INSTRUCTIONS FOR THE TASK ▸
Which lines run from the one with "Máquina de café" through the end of the data? Retype them exactly, without pictures.

RECORDS FOR THIS TASK ▸
Content starts

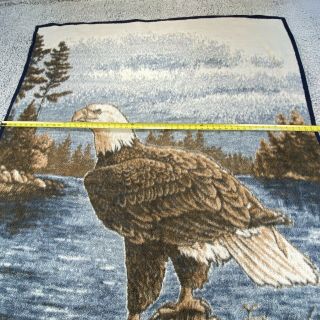 Vintage Biederlack Blanket Bald Eagle Soft Fleece Throw Made In USA 74 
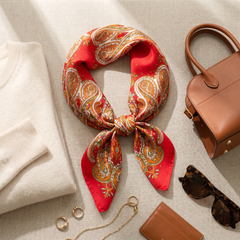 Seidenschal Damen 70×70 cm Paisley Rot – Schal-Welt Styling-Inspiration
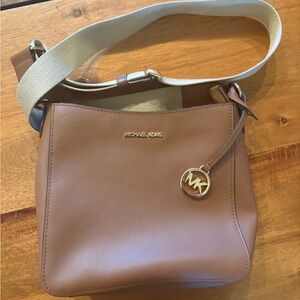 Michael Kors Brown Shoulder Bag with Gold Accents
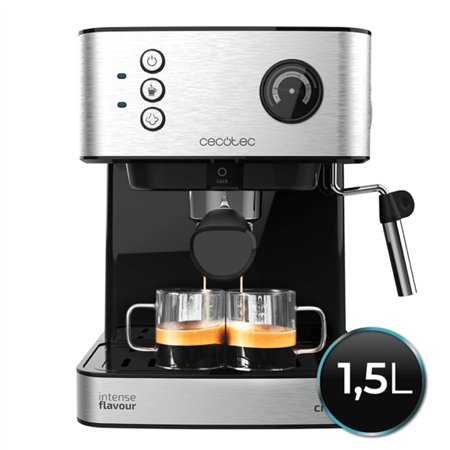 Máquina de café expresso profissional Cecotec Power Espresso 20 com bico de vapor - Capacidade de 1,5L - Pressão de 20 bar - Res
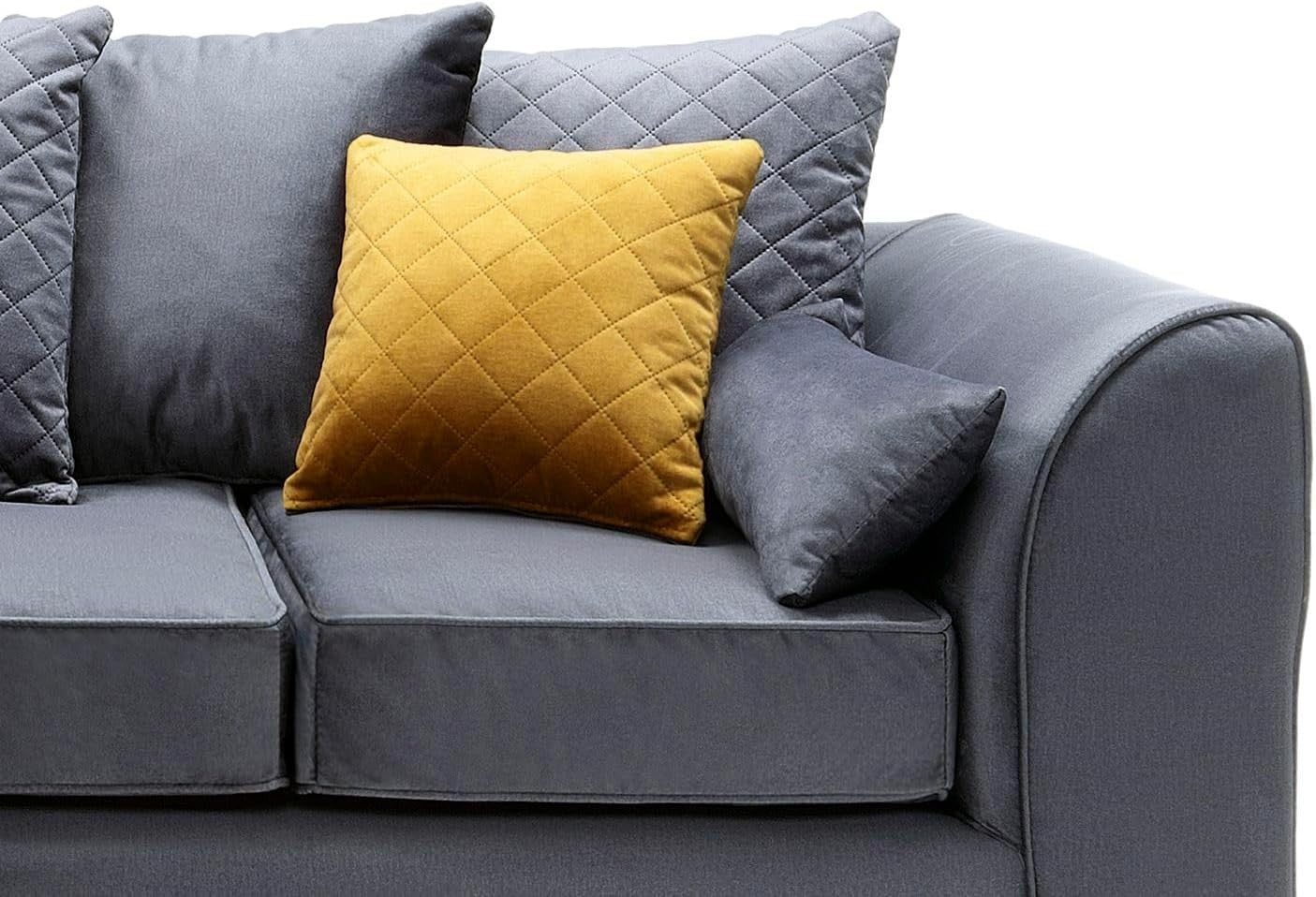 Dark Grey Velvet L Shape Corner Sofa 3 Seater – Water Repellent & Comfy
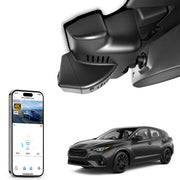 Mangoal rearview mirror built-in dash cam with smartphone app control, 4K Ultra HD recording, GPS tracking, and Subaru Impreza models in the background.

Content ends

WORKED SOLUTION ▸
 Máquina de café expresso profissional Cecotec Power Espresso 20 com bico de vapor - Capacidade de 1,5L - Pressão de 20 bar - Res
 Dark Grey Velvet L Shape Corner Sofa 3 Seater – Water Repellent & Comfy
 Mangoal rearview mirror built-in dash cam with smartphone app control, 4K Ultra HD recording, GPS tracking, and Subaru Impreza models in the background.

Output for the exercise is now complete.